Impressively, every single plant in it was hand-raised by Flanagan from seed or cuttings. “I’m completely addicted to propagation. Getting seeds to germinate or getting a cutting to successfully root … it’s magical. Initially I kept my electric propagator on the kitchen table until Emma eventually banished it to the porch, which was fair enough. So then I got myself some grow-lights to boost the light levels.” How did his wife feel about that? “She’s been very good about it actually,” he says cheerily, “just so long as I keep to my half of the porch.”

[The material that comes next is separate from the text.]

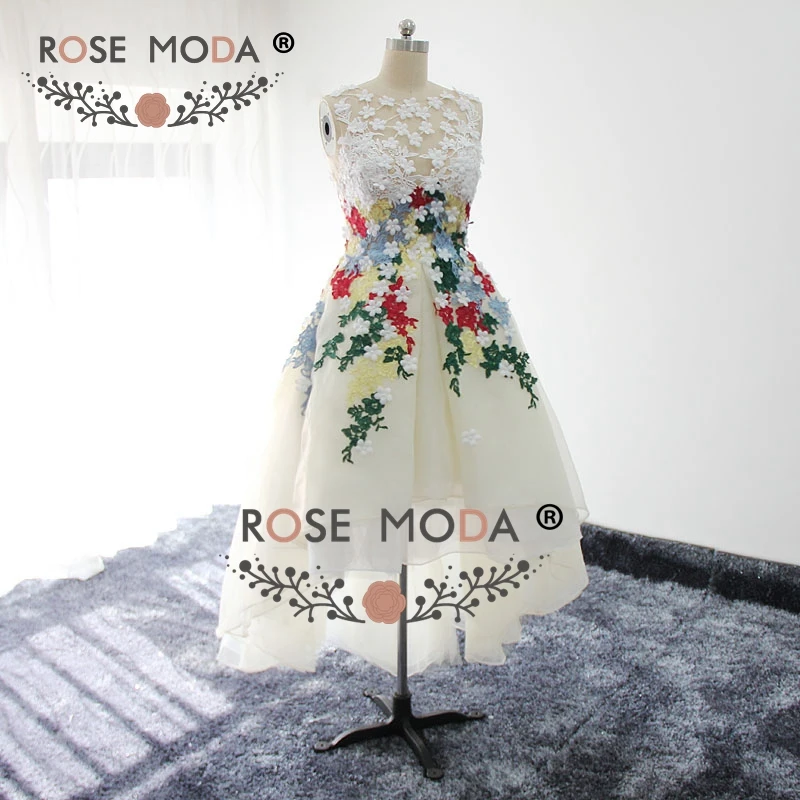 Розовое разноцветное платье на шнуровке вечернее с глубоким v образным вырезом и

He also keeps a garden diary in which he records everything. “Names, dates, different methods of propagation. It’s a bit geeky but it’s the best way to learn … At the moment I’m experimenting with a range of different growing mediums – compost, perlite, horticultural sand – to see which give the best results for cuttings. It’s fascinating.”

Flanagan's love of gardening was first fuelled by an evening course on kitchen gardening given by Aoife Moon in Marlay Park six years ago. "I dipped my toes in the water, so to speak, and discovered I really enjoyed it. So then I took on an allotment in Friarstown, which I loved. But when our first son, Louis, arrived I just didn't have enough time to properly look after it and my dad took it over."

As his love of gardening grew, in 2016 Flanagan decided to enrol as a part-time student at Blanchardstown (TU Dublin) to study horticulture, juggling his studies with his full-time job with Dublin City Council. He graduated earlier this year with a diploma in amenity horticulture. "I am that stereotypical career-changer, that person who's spent too long sitting at a desk indoors under fluorescent lights doing a job that they're not passionate about. My dream is to change that."

Lockdown activity

He now works as a volunteer one day a week at Hunting Brook Gardens in Co Wicklow. First sent there on student placement, he was blown away by this experimental country garden from the minute he walked through its gates. "By the plants, the planting combinations, the design – I've learned so much from Jimi Blake [its owner], who has been an important influence in many ways."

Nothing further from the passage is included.